We went to a birthday party last night. Oliver wasn’t feeling the party. We walked in the house, he looked around to the many unknown faces, and plopped right on my lap. I kissed the top of his head and he gave me his ‘I’m peopled out’ look. I whispered in his ear that it was okay. Everyone kept asking if he was okay. It made him cling to me more. I started to feel self-conscious for him. I began to worry even though my instinct told me what was really going on.
So I whispered in his ear, “Sweetie, are you okay? Do you feel okay?”
“Yes, Mommy,” he replied.
People kept staring at him, I kid you not, like there was something seriously wrong because he was not running and yelling like the rest of the kids.
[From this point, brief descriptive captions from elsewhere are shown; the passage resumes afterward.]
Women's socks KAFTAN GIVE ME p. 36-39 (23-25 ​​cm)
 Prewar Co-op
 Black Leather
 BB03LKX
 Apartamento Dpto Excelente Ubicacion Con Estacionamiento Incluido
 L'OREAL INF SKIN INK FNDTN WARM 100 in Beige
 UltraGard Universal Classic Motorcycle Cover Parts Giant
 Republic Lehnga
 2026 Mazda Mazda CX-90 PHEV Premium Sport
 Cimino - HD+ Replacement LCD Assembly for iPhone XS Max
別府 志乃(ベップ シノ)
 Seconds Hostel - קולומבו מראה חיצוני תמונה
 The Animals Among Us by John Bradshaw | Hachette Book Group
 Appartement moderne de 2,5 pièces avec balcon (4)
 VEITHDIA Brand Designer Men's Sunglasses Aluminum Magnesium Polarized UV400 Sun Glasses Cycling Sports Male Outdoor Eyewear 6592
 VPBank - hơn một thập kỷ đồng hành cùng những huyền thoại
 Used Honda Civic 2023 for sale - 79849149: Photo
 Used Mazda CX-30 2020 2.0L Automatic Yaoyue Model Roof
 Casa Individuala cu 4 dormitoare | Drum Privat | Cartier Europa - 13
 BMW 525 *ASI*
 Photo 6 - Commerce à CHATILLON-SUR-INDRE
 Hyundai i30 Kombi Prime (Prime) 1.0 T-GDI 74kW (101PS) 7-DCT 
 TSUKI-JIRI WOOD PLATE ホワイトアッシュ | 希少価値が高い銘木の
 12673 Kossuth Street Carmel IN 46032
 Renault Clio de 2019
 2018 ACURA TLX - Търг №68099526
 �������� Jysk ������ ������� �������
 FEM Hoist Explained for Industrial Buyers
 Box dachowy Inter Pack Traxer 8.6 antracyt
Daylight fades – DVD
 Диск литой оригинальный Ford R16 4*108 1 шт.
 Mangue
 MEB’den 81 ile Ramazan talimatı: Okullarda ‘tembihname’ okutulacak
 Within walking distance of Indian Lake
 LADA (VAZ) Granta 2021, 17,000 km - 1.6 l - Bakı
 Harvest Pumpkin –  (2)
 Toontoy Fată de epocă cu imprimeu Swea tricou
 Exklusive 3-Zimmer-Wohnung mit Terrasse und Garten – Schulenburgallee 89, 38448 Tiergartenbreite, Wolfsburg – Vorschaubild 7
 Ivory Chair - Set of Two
I almost spoke up, but sometimes it isn’t worth it. But maybe I should have. I think I will next time.
Oliver is one of the most content people I know. He is laid back. He entertains himself and never complains he is bored. When he is comfortable with you, he is the funniest kid you’d ever meet. He lightens the tone in our house like no other. He isn’t shy and is FAR from being an insecure kid. He just doesn’t need or like to be center of attention. He is an observer. He easily points things out about people that most young four year olds would never notice. He’s loud and he is quiet. He is goofy and reserved.
He is a creative old soul…just like his mother. He is a story teller who never leaves out a detail.
He would rather know people before he shows himself to them. He is selective with whom he does open up to. I bet it is because he can read people…just like his mother.
He is empathetic. Without saying a word, he feels what I feel. “Mommy, you have a sad look in your eyes. Don’t be sad, cutie-pie.” He absorbs others emotions…just like his mother.
I want to raise Oliver knowing it is okay to be the way he is. I don’t want him having to figure that out in his twenties like I did. My parents loved and accepted me and I was okay with myself…I just didn’t know what being an introvert was. Back then, people didn’t use the term. The first time I read what it was, I felt free. I always knew I wasn’t shy. Because to me, shyness stems from deep insecurities which I never really had. I just never knew how to describe myself and for a thinker and analyzer like me…it was dreadful not to know. Huge HUGE lightbulb moment. I’m an introvert, it all makes sense now!
Oliver will have an advantage I (and many others) never had as a kid. I will be able to tell him about all the great introverts of the past. The thinkers, the mercy-driven need to change and help the world doers, the inventors, the creators…those who refused to think inside the box. I don’t want him to feel he has to do what everyone else is doing all the time. I will relate to him when he feels someone in infringing on his individuality. I will be able to tell him, I know exactly how he feels. I will be able to show him what a gift and what a strength it is.
God made him this way for a reason and I am so glad he did. I feel as though I should mention I love my extroverted son, just the same. Luke teaches me to see the other side of things. I’m just as glad God made him extroverted. I am in awe in the way He designed my boys. Luke with his Ocular Albinism needs to have the boldness God gave him. He really does. Oliver, needs all of his strengths and sense of mercy. I already see how Oliver cares for Luke. He watches out for him and he accepts Luke like no one else in this world does. This world needs Oliver, Luke needs Oliver. Oliver needs Luke too. Luke pulls Oliver out of his own mind and shows him the other side of life.
They just fit together, they are the perfect brothers. I am moved to tears thinking of how God made them to be brothers. To think, I was scared to have a second child. Okay, I’m done now. The end!